• WHAT TO PRODUCE: Copy exactly the lines from the one containing "BMW X5 2015 — фото 16" through the last line of the records below, both included, and leave out the pictures.

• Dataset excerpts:
---
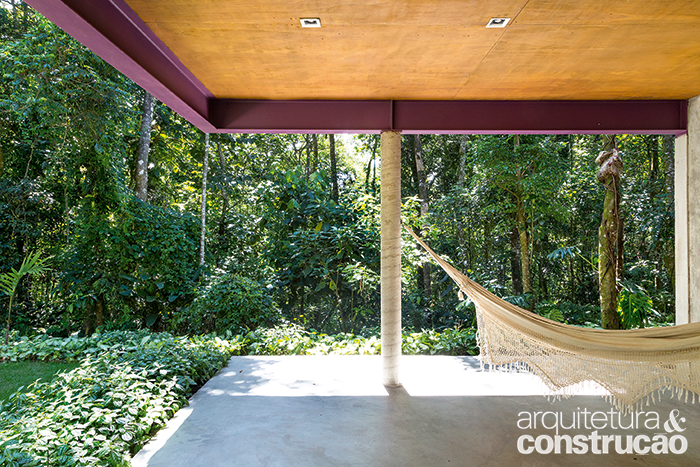 Pintada de esmalteroxo (Suvinil, ref. suco de uva, P358), a viga metálica sustentaa cozinha – no futuro, esta varanda terá uma churrasqueira. Pintada de esmalteroxo (Suvinil, ref. suco de uva, P358), a viga metálica sustentaa cozinha – no futuro, esta varanda terá uma churrasqueira.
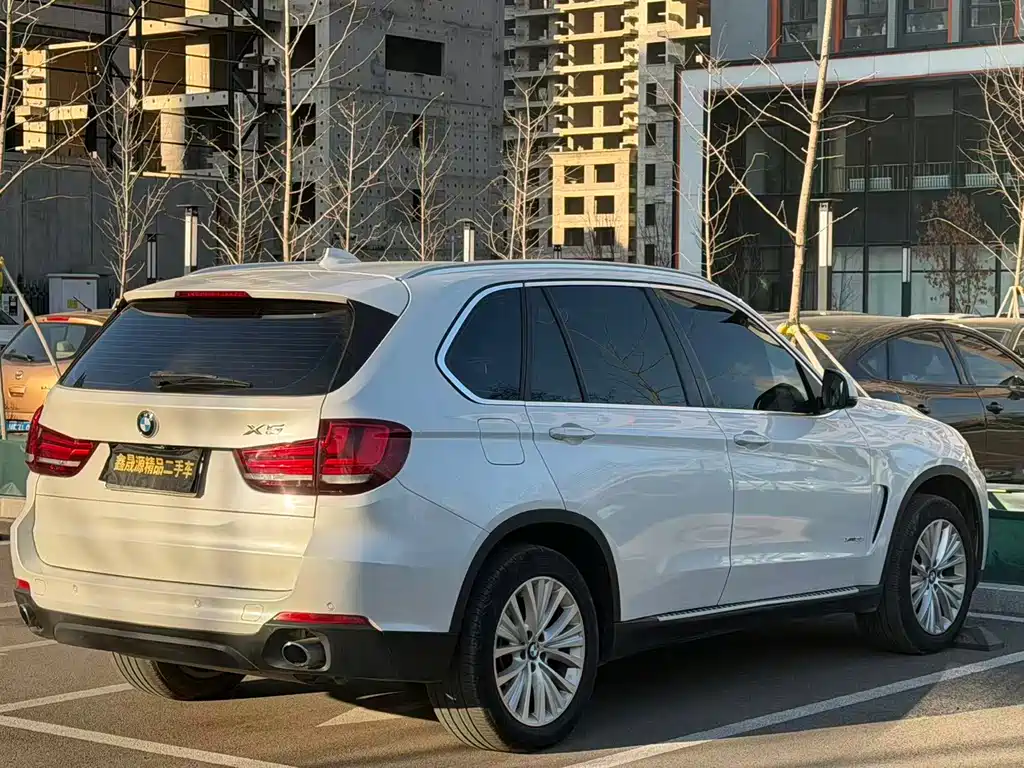 BMW X5 2015 — фото 16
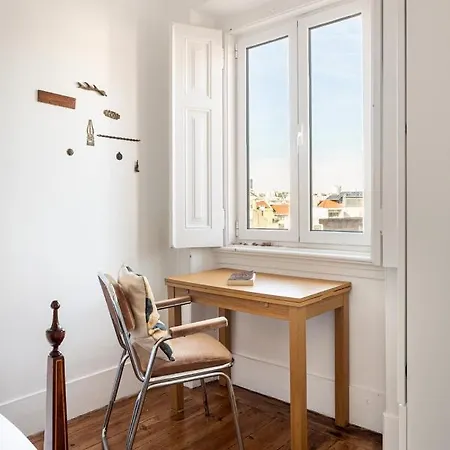 Daire Joivy Cosy 2-bed Flat In Arroios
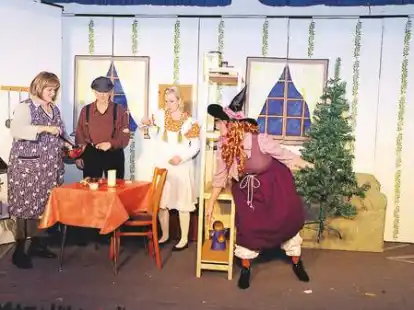 Versteckspiel um den Weihnachtsbaum (von links): Oma Ilse (Heike Vette), Hannes (Martina M&uuml;ller), Lotta (Annika Dobe) und die Hexe Hokuspokus (Beate Dobe)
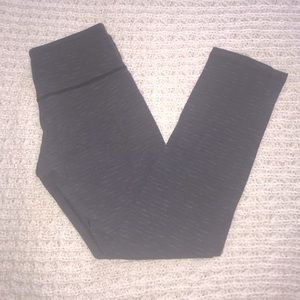 Lululemon dark gray size 6 leggings! 🍋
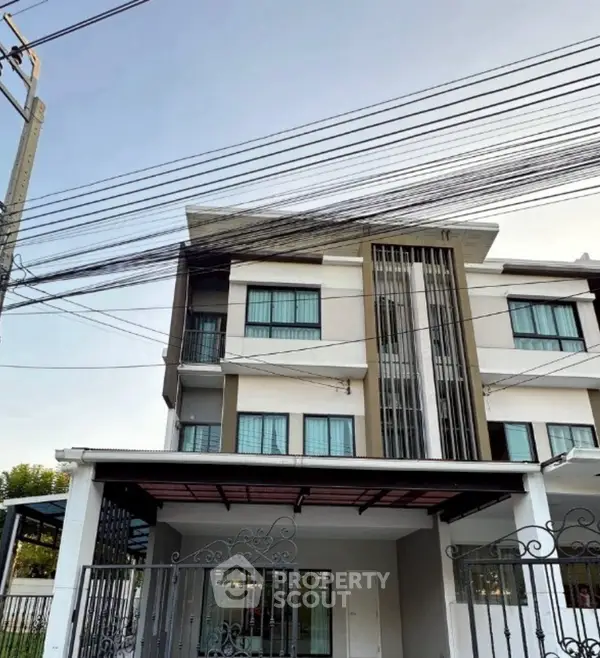 image_rental-28432787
---
• TASK RESULT:
 BMW X5 2015 — фото 16
 Daire Joivy Cosy 2-bed Flat In Arroios
 Versteckspiel um den Weihnachtsbaum (von links): Oma Ilse (Heike Vette), Hannes (Martina M&uuml;ller), Lotta (Annika Dobe) und die Hexe Hokuspokus (Beate Dobe)
 Lululemon dark gray size 6 leggings! 🍋
 image_rental-28432787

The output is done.